> **Assigned task**
The copy you return should hold only the lines from the top of the data below through the line with "Roma in fiamme.", each duplicated exactly and with no pictures.

-------------------------

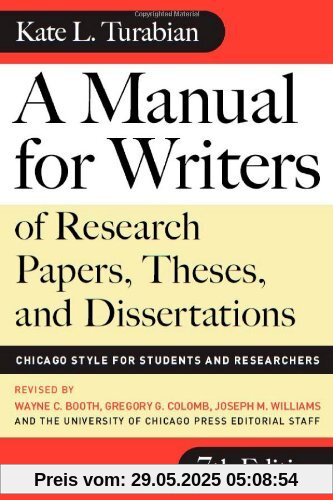A Manual for Writers of Research Papers, Theses, and Dissertations: Chicago Style for Students and Researchers (Manual for Writers of Research Papers, Theses & Disertations)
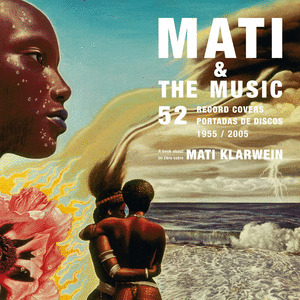 MATI & THE MUSIC: 52 PORTADAS DE DISCOS, 1955-2005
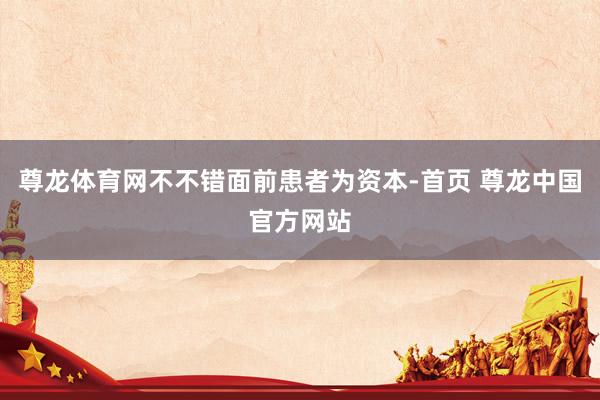 尊龙体育网不不错面前患者为资本-首页 尊龙中国官方网站
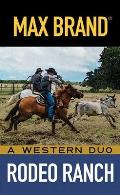Rodeo Ranch: A Western Duo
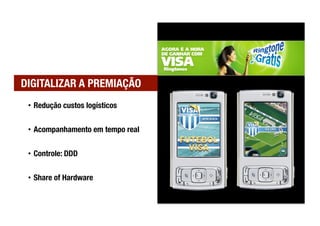 DIGITALIZAR A PREMIAÇÃO
 •  Redução custos logísticos

 •  Acompanhamento em tempo real


 •  Controle: DDD


 •  Share of Hardware
 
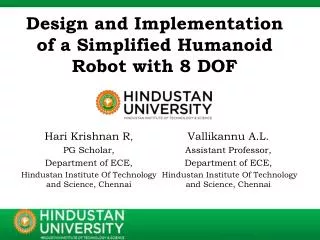 Design and Implementation of a Simplified Humanoid Robot with 8 DOF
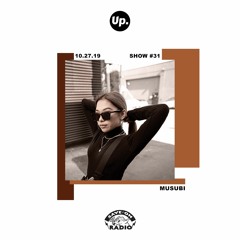 Up. Radio Show #31 featuring MUSUBI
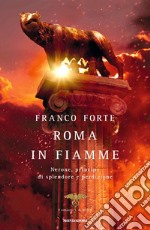 Roma in fiamme. Nerone, principe di splendore e perdizione. Il romanzo di Roma. E-book. Formato EPUB ebook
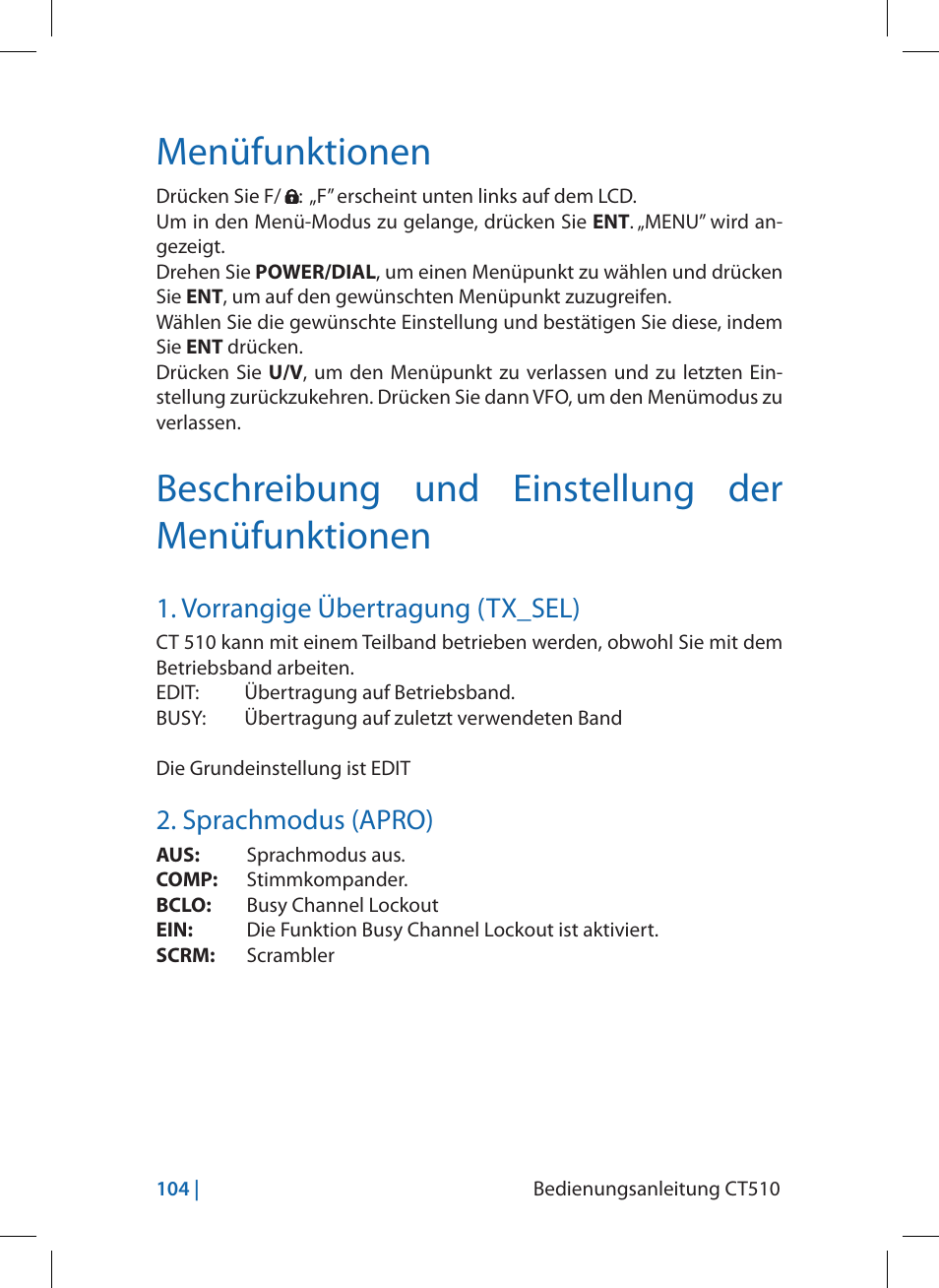 Menüfunktionen, Beschreibung und einstellung der menüfunktionen, Vorrangige übertragung (tx_sel) | Sprachmodus (apro) | MIDLAND CT510 User Manual | Page 104 / 142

-------------------------

> **Exercise output**
A Manual for Writers of Research Papers, Theses, and Dissertations: Chicago Style for Students and Researchers (Manual for Writers of Research Papers, Theses & Disertations)
 MATI & THE MUSIC: 52 PORTADAS DE DISCOS, 1955-2005
 尊龙体育网不不错面前患者为资本-首页 尊龙中国官方网站
Rodeo Ranch: A Western Duo
 DIGITALIZAR A PREMIAÇÃO
 •  Redução custos logísticos

 •  Acompanhamento em tempo real


 •  Controle: DDD


 •  Share of Hardware
 
 Design and Implementation of a Simplified Humanoid Robot with 8 DOF
 Up. Radio Show #31 featuring MUSUBI
 Roma in fiamme. Nerone, principe di splendore e perdizione. Il romanzo di Roma. E-book. Formato EPUB ebook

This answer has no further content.